Situation in Gonaives Still Precarious: 
The health and sanitation situation remains precarious in Gonaïves, nearly two years after the passage of tropical storm Jeanne through the Artibonite region. There is no electricity and no potable water. There are very serious health problems, huge piles of garbage clog the streets, an insalubrious situation is everywhere to be found and the population has been abandoned to itself. The people of Gonaïves are denouncing the poor utilization of international aid by the interim government and the multiplication of NGOs which, they say, seem to worry only about their own interests. Enormous sums of money have in fact been disbursed by the international community for the benefit of victims of the disasters that caused several thousand deaths in September 2004. The promises made by interim Prime Minister Gerard Latortue to relocate residents of the worst affected districts never materialized, nor was a promised four lane highway built. Gonaïves residents are appealing to the new authorities to investigate the handling of the disaster and to improve conditions under which the people of this city are living. Some two years after the disastrous floods that struck the town of Mapou in the Southeast, the survivors continue to live in tents. We are abandoned to our hell, say residents, who are facing all sorts of difficulties, from famine, to unemployment to health problems. They also indicated that the disaster victims who suffered the most have no other choice but to make their way to the Dominican Republic in search of a better life.  (AHP, 6/3)

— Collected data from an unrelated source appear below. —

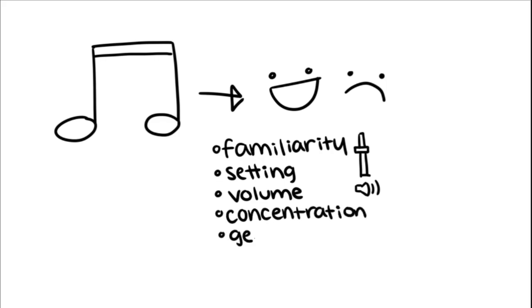The effect also depends on the genre and how it fits your mood, which is why certain songs can sound like heaven on a good day, but get skipped on a bad day.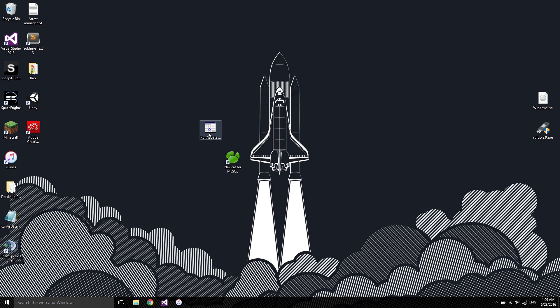First of all, you're going to want to download RunAsDate. It's a little executable, I'll put the download link in the description.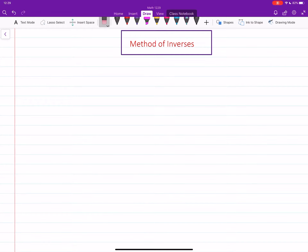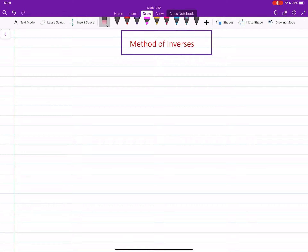In this video we will learn a new method to solve systems of linear equations whose coefficient matrix is an invertible matrix. This method is called the method of inverses, and it uses the inverse of the matrix to solve the given system of linear equations.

US Makes Haiti a Special Case for Human Trafficking:
The United States has given Haiti a special ranking in its 2006 Human Trafficking Report, which was released by the US Department of State earlier this week. Haiti is among nine countries including The Bahamas and Iraq, which have been ranked as “special cases” by the US in the annual report. Last June, Haiti was ranked at Tier 3; the lowest rank on the three-tier system, which carries penalties of stiff economic sanctions by the United States. Haiti’s ranking did not improve in October last year when the U.S again reviewed Tier-3 countries. Director of the US Department of State Office to Monitor and Combat Trafficking in Persons, Ambassador John Miller, explained that Haiti’s placement as a special case was due to a “quirk” in the US law and not because of any improvement in its performance. He described the trafficking situation in Haiti as “deplorable” and said the US has seen no significant, effective effort in Haiti to combat human trafficking. According to Miller, human trafficking is extremely widespread in Haiti and over the past year, the U S conducted no evaluation on that country’s anti-human trafficking efforts, as that Haiti had no elected government for a significant period. ”Under our (US) law, we are supposed to evaluate and rate governments’ performance. The conclusion of our department is that Haiti did not have an effective control of the country, that could be evaluated,” Miller told journalists Wednesday during an hour-long video conference via satellite at the United States Embassy in Kingston. ”Not only is the trafficking problem horrendous, there was not an effective government,” Miller added. The diplomat said the United States has provided funding in the past to Haiti to assist that country in it’s Anti-Human Trafficking efforts. He said the US would be dispersing additional funds shortly to aid the efforts of a special police unit, which was set up in Haiti last year to investigate trafficking related crimes. (Caribbean Media Corporation, 6/8)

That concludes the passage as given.